Ernest Satterwhite, 68, was shot and killed in his own driveway by a police officer earlier this year. Outrage has ensued in the North Augusta, South Carolina, community after it was announced police officer Justin Craven will only face a misdemeanor charge for the fatal shooting.
Satterwhite was shot in his driveway after he led Craven on a nine-mile long, low-speed car chase. Satterwhite had a history of refusing to pull over for police, as evidenced by the three charges for doing so on his record. Regardless of this habit, Satterwhite had no violent charges on his criminal record.
Craven followed Satterwhite at low speeds for nine miles as the 68-year-old man drove home, the Associated Press reports. When Satterwhite arrived at his house and pulled into his driveway, Craven ran up to the man's driver’s side door and fired multiple shots, killing him instantly. The elderly Satterwhite is accused by Craven of trying to grab Craven’s gun when the police officer approached his car, but no evidence exists to support that claim.
Both the North Augusta Police Department and local prosecutors admit the shooting was unjustified. Prosecutors tried to charge Craven with voluntary manslaughter, but a grand jury declined to press that charge. Instead, Craven was only charged with misconduct in office – a misdemeanor charge typically reserved for police officers who accept bribes or sheriffs who get inmates to do their personal work.
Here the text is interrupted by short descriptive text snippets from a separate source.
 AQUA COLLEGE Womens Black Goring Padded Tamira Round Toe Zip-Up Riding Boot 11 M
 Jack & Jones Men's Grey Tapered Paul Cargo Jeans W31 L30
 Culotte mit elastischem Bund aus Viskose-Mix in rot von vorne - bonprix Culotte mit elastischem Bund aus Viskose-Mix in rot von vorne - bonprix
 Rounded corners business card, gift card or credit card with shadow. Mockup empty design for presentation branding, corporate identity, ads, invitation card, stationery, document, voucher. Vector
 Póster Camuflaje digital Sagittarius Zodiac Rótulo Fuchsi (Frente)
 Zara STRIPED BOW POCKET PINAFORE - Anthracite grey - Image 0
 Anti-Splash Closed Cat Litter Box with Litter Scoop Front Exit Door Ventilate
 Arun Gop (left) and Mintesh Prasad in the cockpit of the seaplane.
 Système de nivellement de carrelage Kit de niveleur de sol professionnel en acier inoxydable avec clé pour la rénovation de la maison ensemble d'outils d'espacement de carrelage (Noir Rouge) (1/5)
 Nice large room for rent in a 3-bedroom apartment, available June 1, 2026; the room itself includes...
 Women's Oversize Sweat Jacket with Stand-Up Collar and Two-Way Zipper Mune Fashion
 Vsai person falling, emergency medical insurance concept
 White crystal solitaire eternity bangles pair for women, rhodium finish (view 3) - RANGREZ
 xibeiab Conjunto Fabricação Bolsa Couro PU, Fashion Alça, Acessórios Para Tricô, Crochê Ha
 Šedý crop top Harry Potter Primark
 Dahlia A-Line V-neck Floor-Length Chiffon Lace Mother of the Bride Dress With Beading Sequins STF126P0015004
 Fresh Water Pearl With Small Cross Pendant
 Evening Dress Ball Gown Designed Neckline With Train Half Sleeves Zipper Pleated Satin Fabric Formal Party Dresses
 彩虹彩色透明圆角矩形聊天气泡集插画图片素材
Leaders in the Augusta community say the light charge is an insult to the value of Satterwhite’s life.
"It diminishes the nature of the violation — of the death. This man's life is only worth a misdemeanor?" State Rep. Joe Neal told the Associated Press.
University of South Carolina criminology professor says there was no reason for Craven to run up on Satterwhite’s car with his gun drawn.
"Why would he run up to the car like that?" Alpert asked. "Why would he put himself in a situation to use deadly force? Why would he put his gun close enough for him to grab it?"
As is often the case with police shootings, many details of what transpired in Satterwhite’s death are being withheld from the public. The indictment of Craven only says he used excessive force when he shot and killed Satterwhite. Alpert says this practice of concealing details desperately needs to be changed.
"They work for us — the public," Alpert said. "You need to put as much accurate information out there as you can to get in front of the issue and create your own story."
Satterwhite’s family is suing the North Augusta Department of Public Safety, Edgefield County and the Edgefield County Sheriff’s Office. The lawsuit claims Craven ignored orders from Edgefield deputies to let them deal with Satterwhite after he crossed into their jurisdiction. The lawsuit also claims Satterwhite never reached for Craven’s gun, and that officers restrained him and left him on the ground to die after removing him from the car.
Craven is currently on paid administrative leave.